Many thanks to Kevin Fall and Sally Floyd for their comments on this draft, and to Guy Almes, Kim Claffy, Jamshid Mahdavi, and Matt Mathis for discussions about that various issues.

References

Ba95: F. Baker, Ed., "Requirements for IP Version 4 Routers," RFC 1812, DDN Network Information Center, June 1995.
Ce91: V. Cerf, Ed., "Guidelines for Internet Measurement Activities," RFC 1262, DDN Network Information Center, October 1991.
HG94: C. Huitema and P. Gross, "The Internet Standards Process--Revision 2," RFC 1602, DDN Network Information Center, March 1994.
Ja89: V. Jacobson, traceroute, ftp://ftp.ee.lbl.gov/traceroute.tar.Z, 1989.
JLM89: V. Jacobson, C. Leres, and S. McCanne, tcpdump, ftp://ftp.ee.lbl.gov/tcpdump.tar.Z, June 1989.
Kn81: D. Knuth, Seminumerical Algorithms, 2nd edition, Addison-Wesley, 1981.

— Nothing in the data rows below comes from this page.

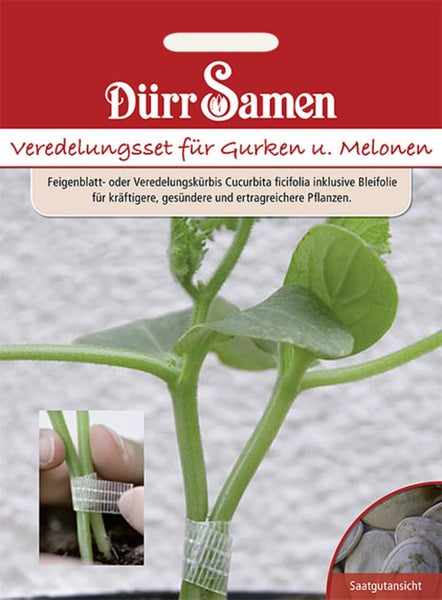 Dürr Samen Logo auf einem Veredelungsset für Gurken und Melonen mit Samen für Feigenblattkürbis und Bleifolie.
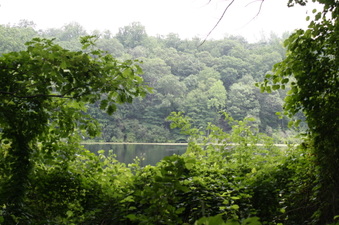 Enlarge photo 62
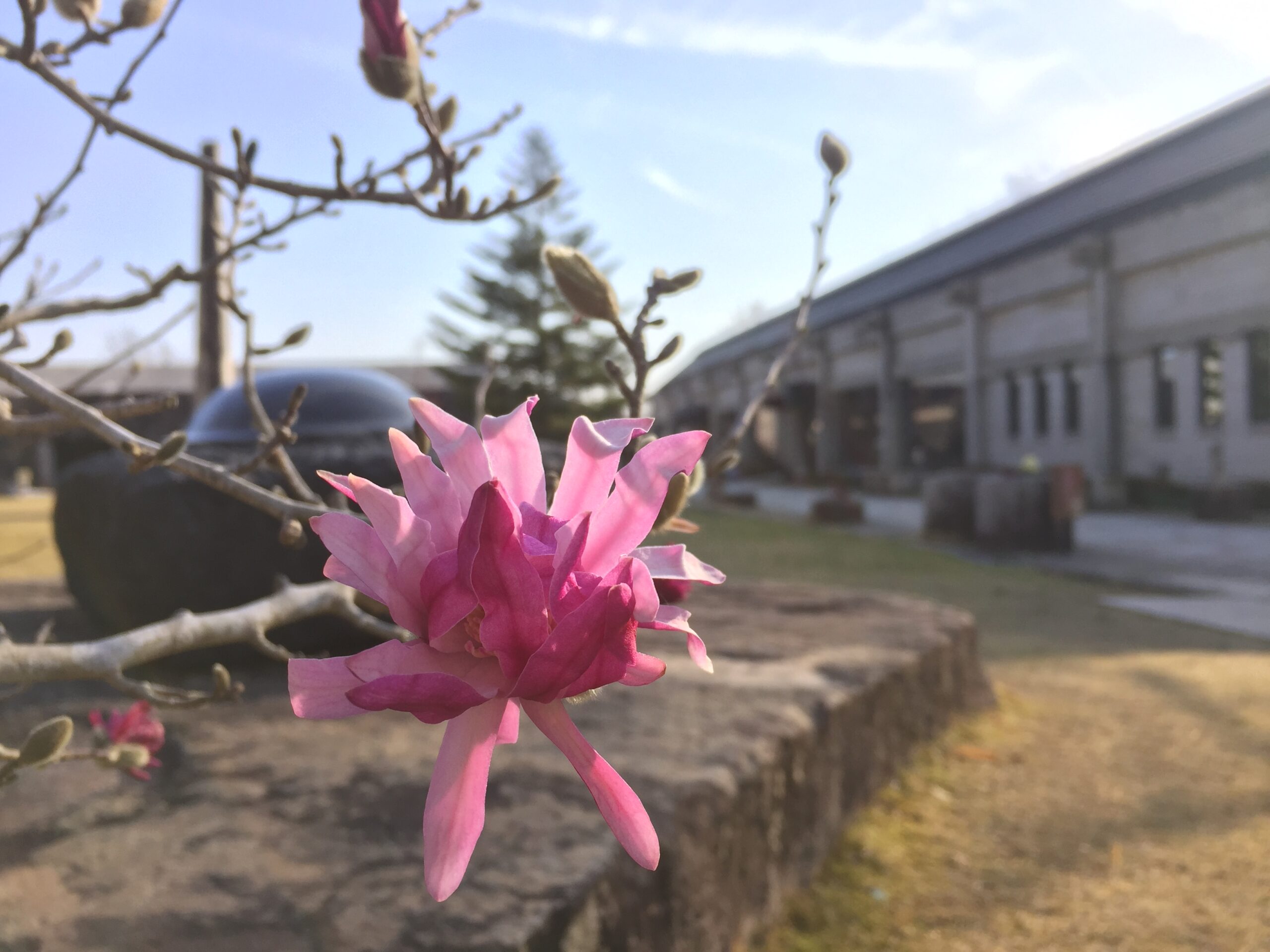 春の花、次つぎと･･　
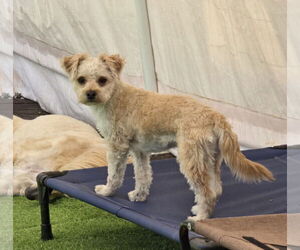 Poodle (Miniature)-Unknown Mix Dogs for adoption in Sandy, UT, USA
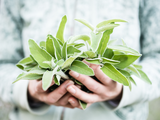 SAGE SALVIA OFFICINALIS ESSENTIAL OIL AUSTRALIAN BODY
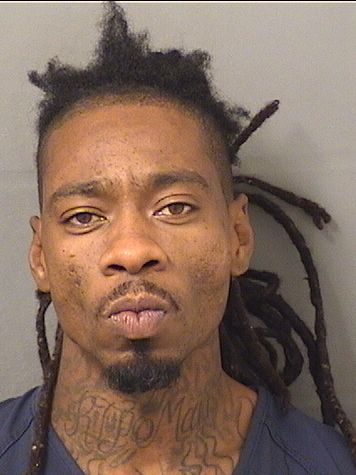  ALVIN GEROME Jr MARTIN Resultados de la busqueda para Palm Beach County Florida para  ALVIN GEROME Jr MARTIN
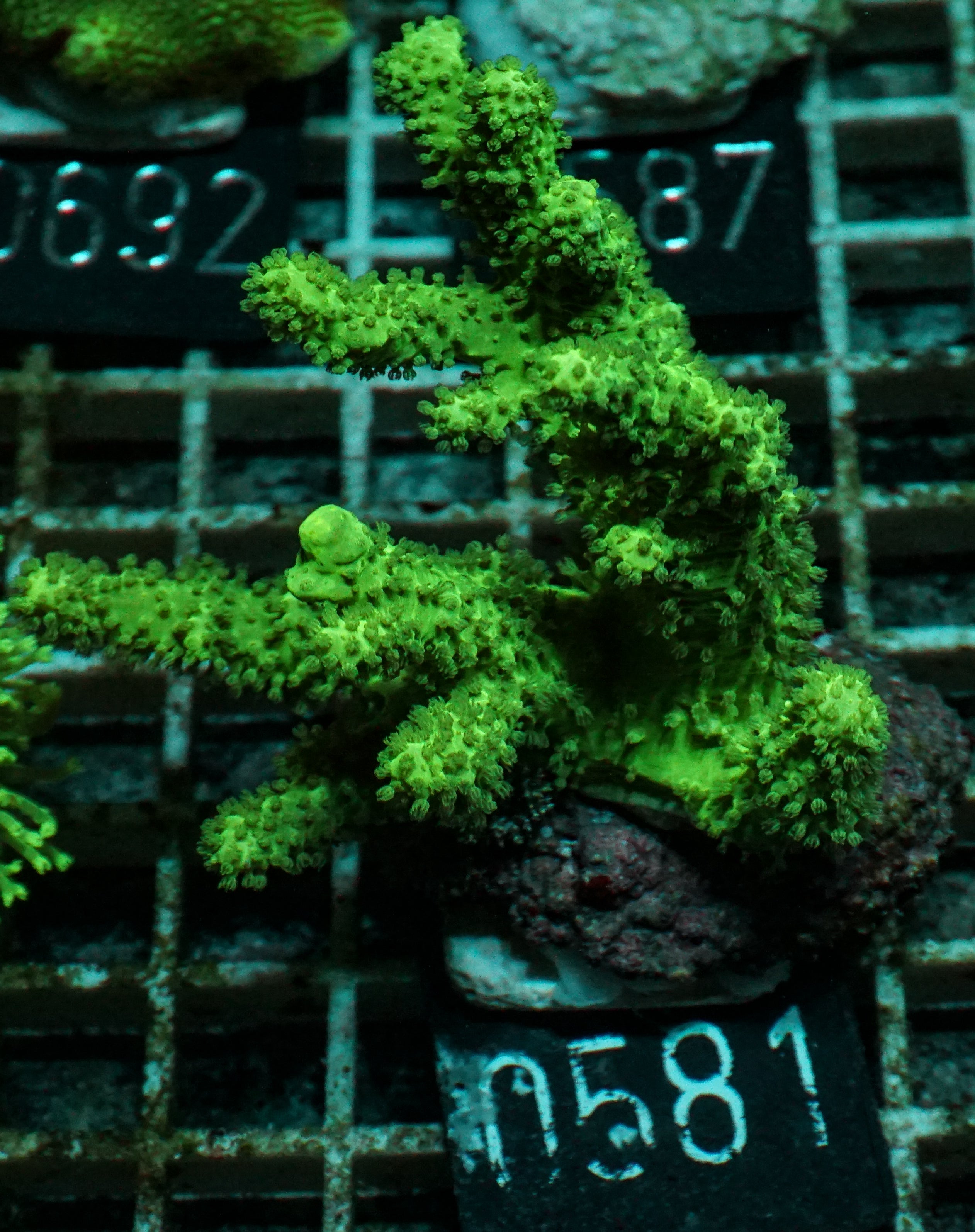 Lobophytum sp. „grün“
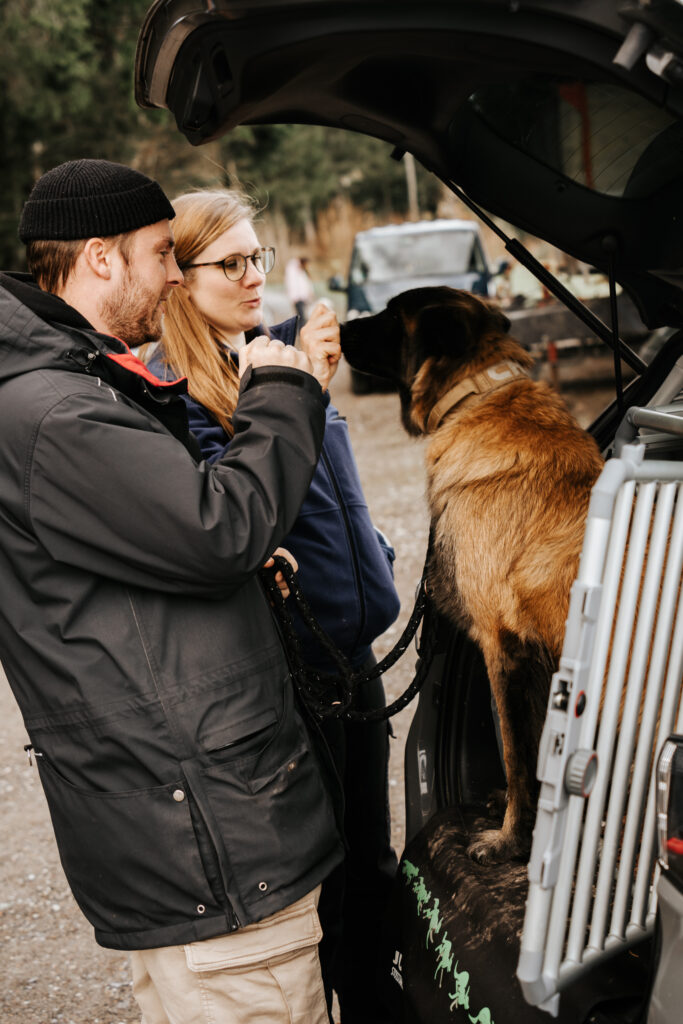 Disziplinierte und harmonische Hundehaltung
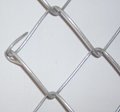 Chain link fence 3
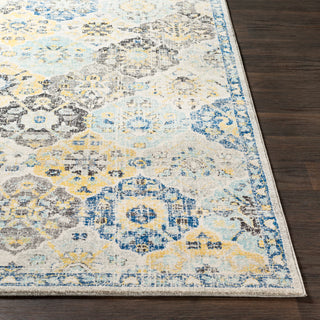 Surya Harput HAP-1072 Area Rug 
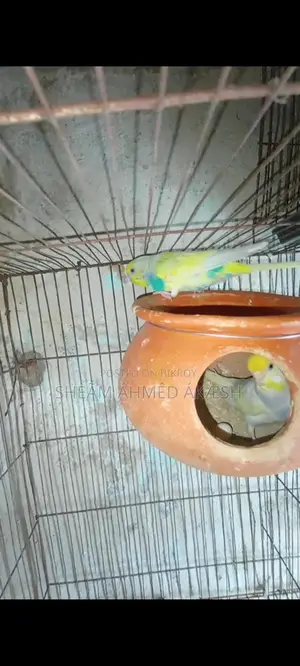 Pied Budgie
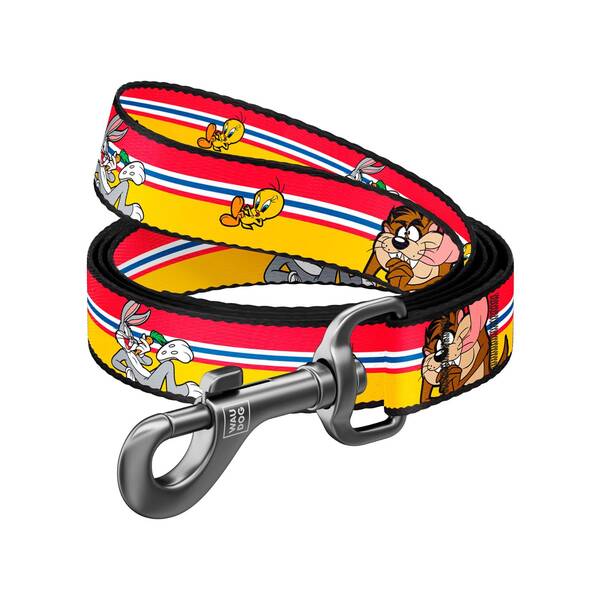 WAUDOG Naylon Leash Looney 25mm 122cm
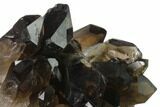 Dark Smoky Quartz Crystal Cluster - Brazil #137823-2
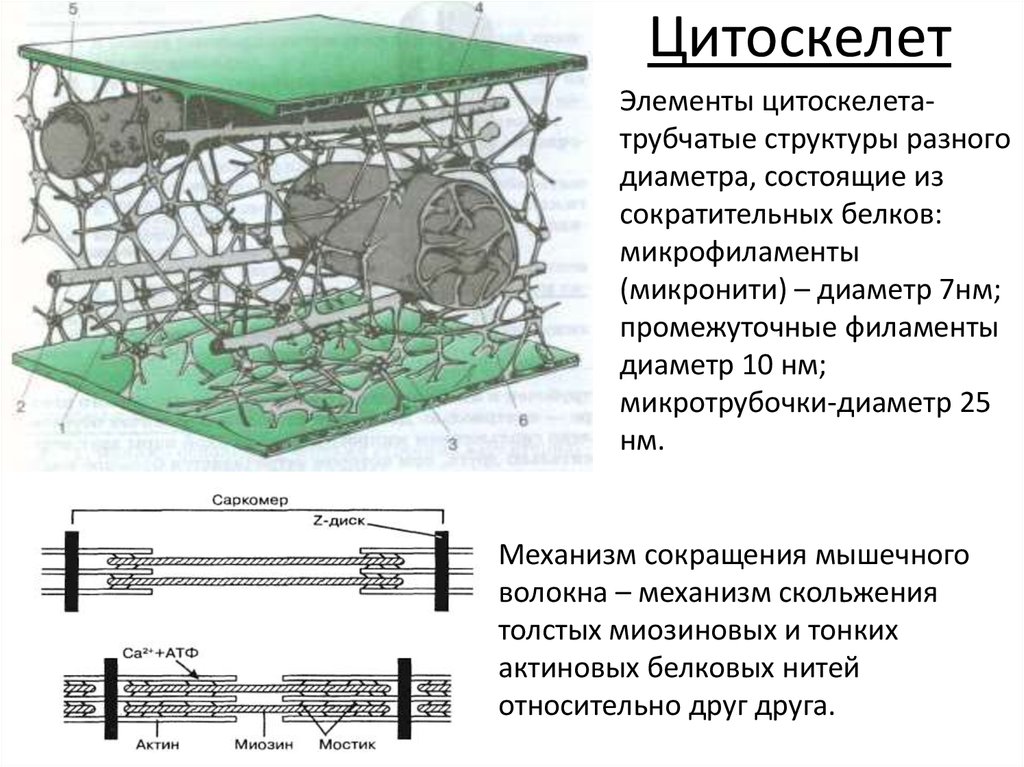 Цитоскелет строение. Схематическое строение цитоскелета. Строение цитоскелета клетки схема. Компоненты цитоскелета клетки. Структурные элементы цитоскелета..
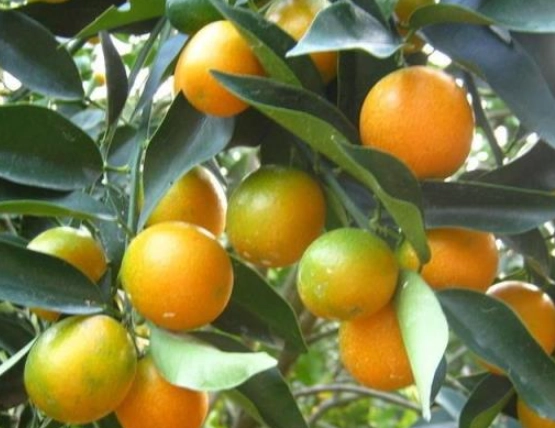 金桔葉子變黃原因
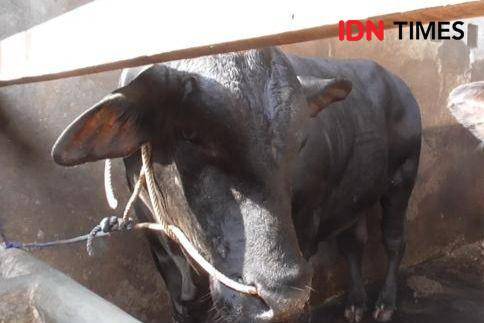 Penampakan sapi Gerandong, bantuan kurban Presiden Prabowo untuk Kota Bandar Lampung. (IDN Times/Tama Yudha Wiguna).
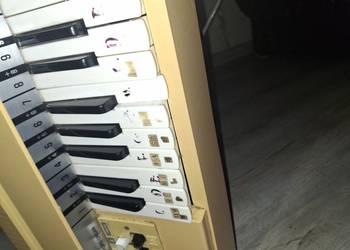 Sprzedam organy Magnus lata 60/70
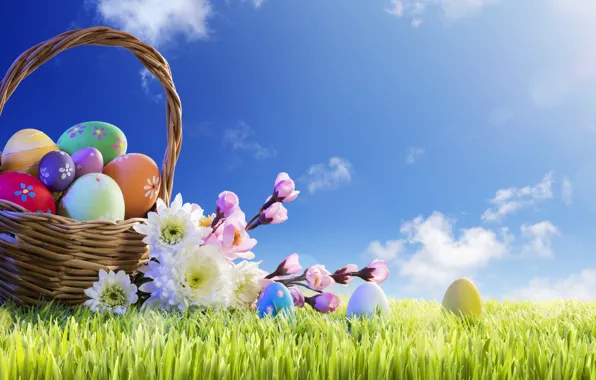 Grass, the sun, flowers, basket, spring, Easter, flowers, spring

LTWW94: W. Leland, M. Taqqu, W. Willinger, and D. Wilson, "On the Self-Similar Nature of Ethernet Traffic (Extended Version)," IEEE/ACM Transactions on Networking, 2(1), pp. 1-15, February 1994.
MM96: M. Mathis and J. Mahdavi, "Diagnosing Internet Congestion with a Transport Layer Performance Tool," to appear in Proc. INET '96, June 1996.
Mi96: G. Minshall, tcpdpriv, available from the Internet Traffic Archive, http://town.hall.org/Archives/pub/ITA/, 1996.
Pa96a: V. Paxson, "End-to-end Routing Behavior in the Internet," to appear in Proc. SIGCOMM '96, August 1996.
Pa96b: V. Paxson, An Analysis of End-to-End Internet Dynamics, Ph.D. dissertation in preparation, University of California, Berkeley, 1996.
Po81a: J. Postel, "Internet Protocol," RFC 791, Network Information Center, SRI International, Menlo Park, California, September 1981.
Po81b: J. Postel, "Internet Control Message Protocol," RFC 792, Network Information Center, SRI International, Menlo Park, California, September 1981.